Confiamos muito na razão talvez por crermos desde pequenos no enchimento: de experiências, de conhecimentos, de bens-materiais, de pessoas, de sentimentos, de ambições, de ideais...necessitamos dos famosos “passa-tempos”, como se o existir por si só consistisse numa actividade mal-afortunada. Os próprios livros de auto-ajuda sugerem a ideia de fulfilment como estado de espírito desejado (apesar de não conhecer a fundo em que consiste esta ideia – critico apenas a palavra atribuída).

Partamos do principio que nunca chegaremos à Verdade
No tipo de conversas puramente teóricas discute-se a Verdade e proclama-se por beleza ao discurso que a verdade de um não é mais válida que a do outro, desde que se tenha os argumentos certos. Lá se entra novamente na guerrinha da argumentação.
E quando chegamos – se chegarmos – a um conceito absolutamente verdadeiro, o que se faz com ele? Não passa de um conceito, um conjunto de palavras e por palavras não passam de símbolos e, como símbolos que são, apenas indicam padrões limitados daquilo que a nossa mente (também ela limitada) vai captando da realidade.
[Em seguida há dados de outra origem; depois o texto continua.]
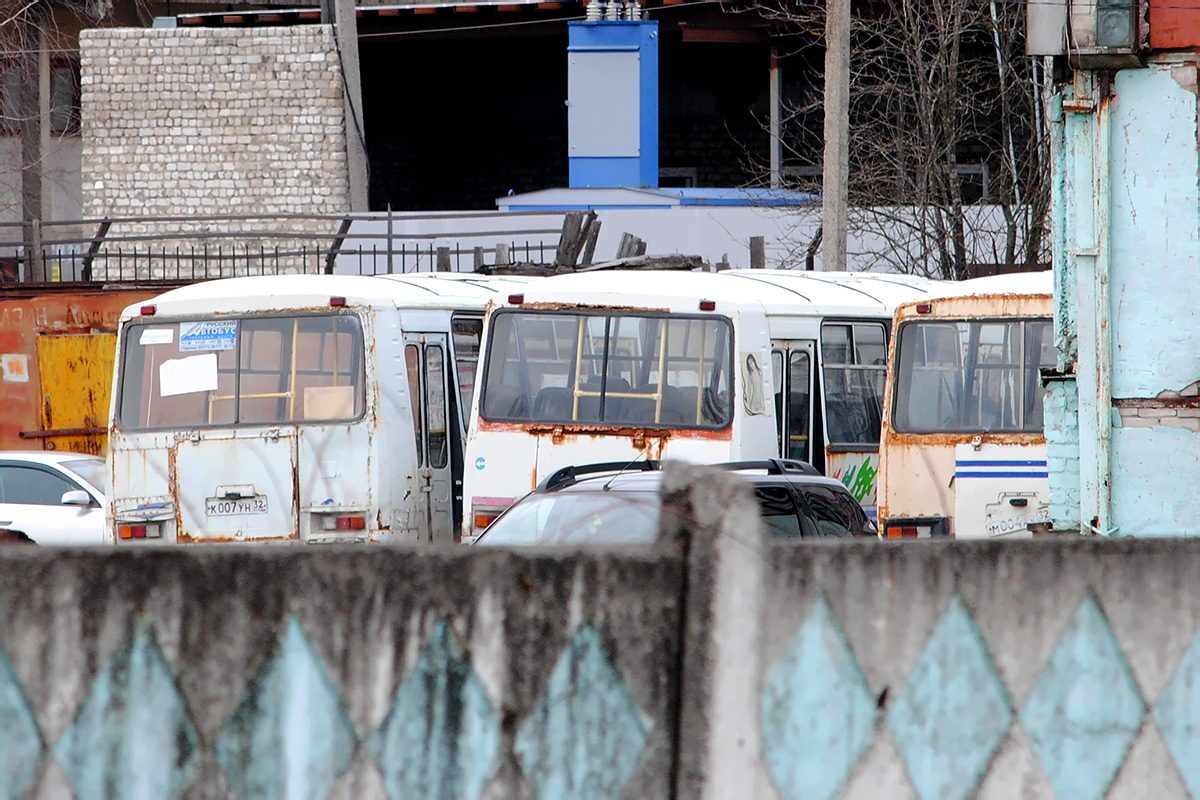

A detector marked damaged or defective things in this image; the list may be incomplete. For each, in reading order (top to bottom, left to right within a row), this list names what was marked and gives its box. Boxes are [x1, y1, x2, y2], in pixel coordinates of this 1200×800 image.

rusty white bus [106, 271, 530, 544]
rusty white bus [463, 268, 940, 537]
rusty white bus [878, 272, 1056, 542]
Hoje prefiro conversar com alguém simples e conhecer a sua historia de vida, alguém que porventura conheça pouco da teoria defendida pelas personalidades altivas ao longo da historia. É, por um lado, a experiência de quem passou por episódios profundos na vida e, por outro, a falta de preocupação com a sensatez do discurso que gosto nestas pessoas: reais, simples e sinceras.
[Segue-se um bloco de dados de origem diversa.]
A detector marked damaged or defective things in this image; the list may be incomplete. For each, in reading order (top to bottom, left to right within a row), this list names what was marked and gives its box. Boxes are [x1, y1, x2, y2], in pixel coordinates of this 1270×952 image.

Pensar que existe uma Verdade última destrói-nos por dentro, por instalar – ao invés de desintegrar – uma imensidade de limitações. Julgar, por exemplo, que nascemos com um propósito na vida enche a nossa mente, torna-nos maiores no sentido ilusório e exclui-nos do sofrimento do vazio, por isso faz sentido que muitos acreditem no destino. Não esporadicamente, aqueles que atingem esse tal fulfilment, esse enchimento egocêntrico, nos píncaros de uma vida onde o orgulho próprio é constante, um sentimento mísero assola afinal a alma pois o tal enchimento nunca poderá ser total: por mais que se tenha é sempre possível ter-se mais e resulta daí a insatisfação, raiz-mãe da vida pobre.
Desta feita, passamos a vida a fugir com medo da noção de vazio, buscando no tal enchimento a cura para os problemas. Eis, portanto, a importância da simplicidade e de aceitarmos o nada, de outra forma a ilusão será provavelmente manifestada tendo como consequência um disfarce ao sofrimento.

Construamos a partir da riqueza do nada, pois o espírito estará aberto à aprendizagem, permitindo o crescimento e a criação saudável.


                                                     
                               

Comentários

  1. Interessante pensamento estoico. Dou por mim, muitas vezes lutando numa discussão por um argumento "melhor", ou antes, argumento melhor para o meu ego, é importante reconhecer isto. Mas confesso que tento não cair nestas discussões de ego. Muito do que aprendi foi através de ver o outro lado da moeda, um pensamento contrário ao meu.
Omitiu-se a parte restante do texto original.